# Intuitive Thinkers and Religion



## Grandmaster Yoda (Jan 18, 2014)

I'm an agnostic theist. I can see myself believing in a higher power but sometimes religion is just ridiculous. On the same token I don't want to spoil it for those who actually enjoy what they do.


----------



## Aha (Mar 6, 2014)




----------



## DeathRipper (Jan 23, 2013)

NT, agnostic, like to say neither atheist nor theist, although I admit it to be completely nonsensical.


----------



## TruthDismantled (Jan 16, 2013)

My parents believe there's a God and come from Catholic families but they are by no means devout. So they never pushed religion on me or spoke to me about it at any point.

When I reached about 14 I started to take an interest, going to my local church and the youth group they had. I was really into it, wanting to know more and get closer to God. But then I realized how immersed I was in it all and there was still that lingering thought in my mind that I had too many unanswered questions. Eventually most of my questions boiled down to it being a question of faith, and that really wasn't enough for me. I couldn't be comfortable with having to put blind faith in something. I couldn't help seeing it as a tool used by those who were more powerful during those times as a method of control. It also seems too bizarre to me, too far away from what is tangible in this world to be true that there is an all-powerful God.
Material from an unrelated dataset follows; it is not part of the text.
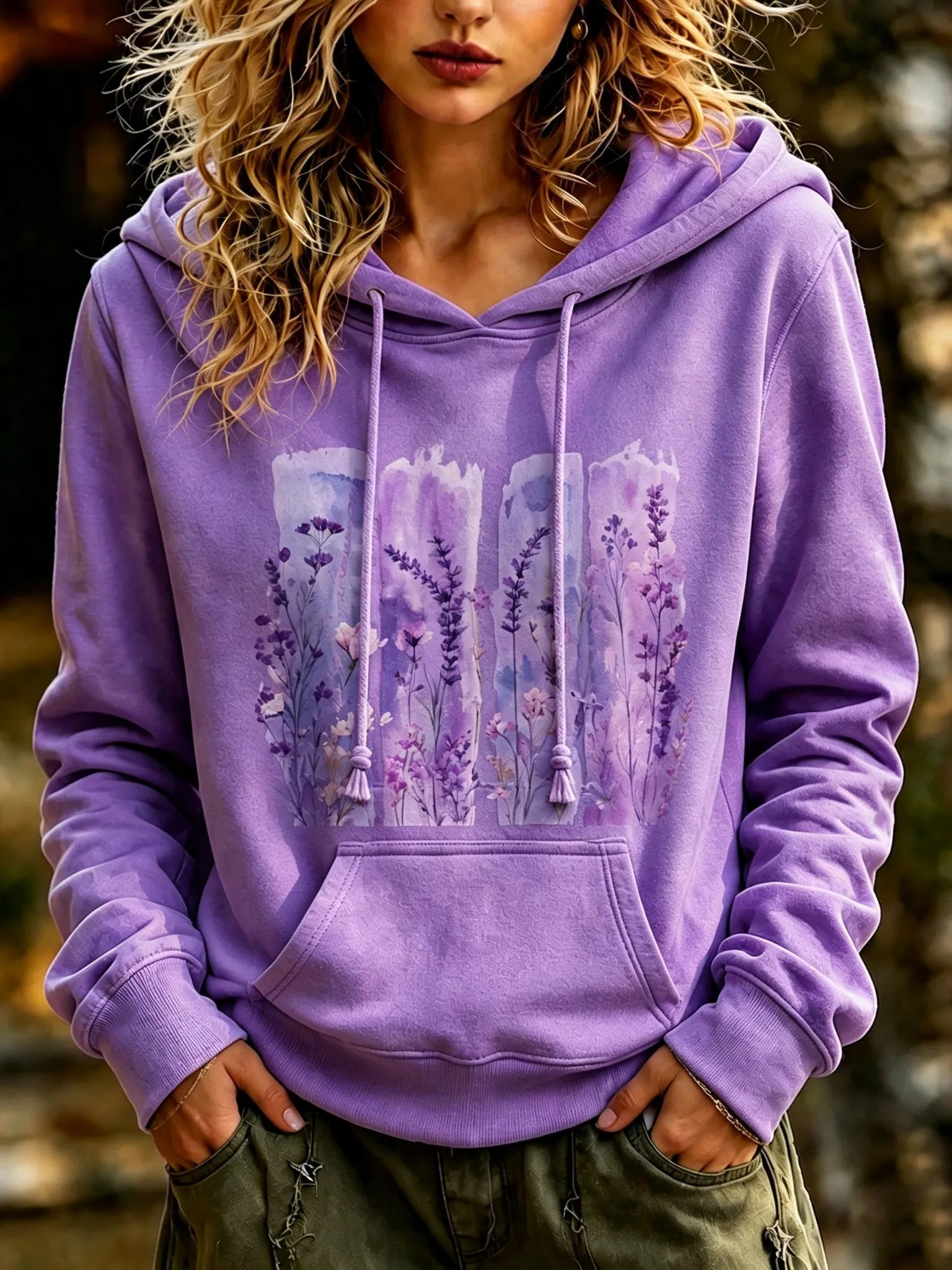 Women's Retro Bohemian Floral Print Hooded Sweatshirt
I've had a look at other religious/spiritual practices since, preferring those which emphasize a personal journey for each individual person. I also like the idea of karma, it helps to form an understanding of different things in this world. It connects everything in a way goes beyond the more Fe approach in Christianity, at least that's how I see it.


----------



## onyxbrain (Mar 30, 2014)

My father is a Roman Catholic and my mother is a Lutheran.

My father is not a practicing Catholic. He does not observe the religion, nor its practices; but he will become combative and defensive over both (despite being an obvious case of "blind belief"). 
A number of years ago, I approached + informed him that he could not believe in both the existence of dinosaurs, and the story of Adam & Eve. This was not a philosophical debate, he is not equipped for those. In the rare event you do make a statement before him, you have to be assertive. I clearly explained why this was so, to which he appeared somewhat nervous- something that I had noticed, as it rare for him to make visible. I repeated my initial statement, rephrased into a question- "Do you believe in Adam & Eve, or the dinosaurs? You only can logically pick one." He quickly said " the dinosaurs" and then refused to face me. He started fidgeting and anxiously moving around, and finally exited that area of the house. As he left, I asked "Whose bones were those? Where are Adam & Eve's bones?"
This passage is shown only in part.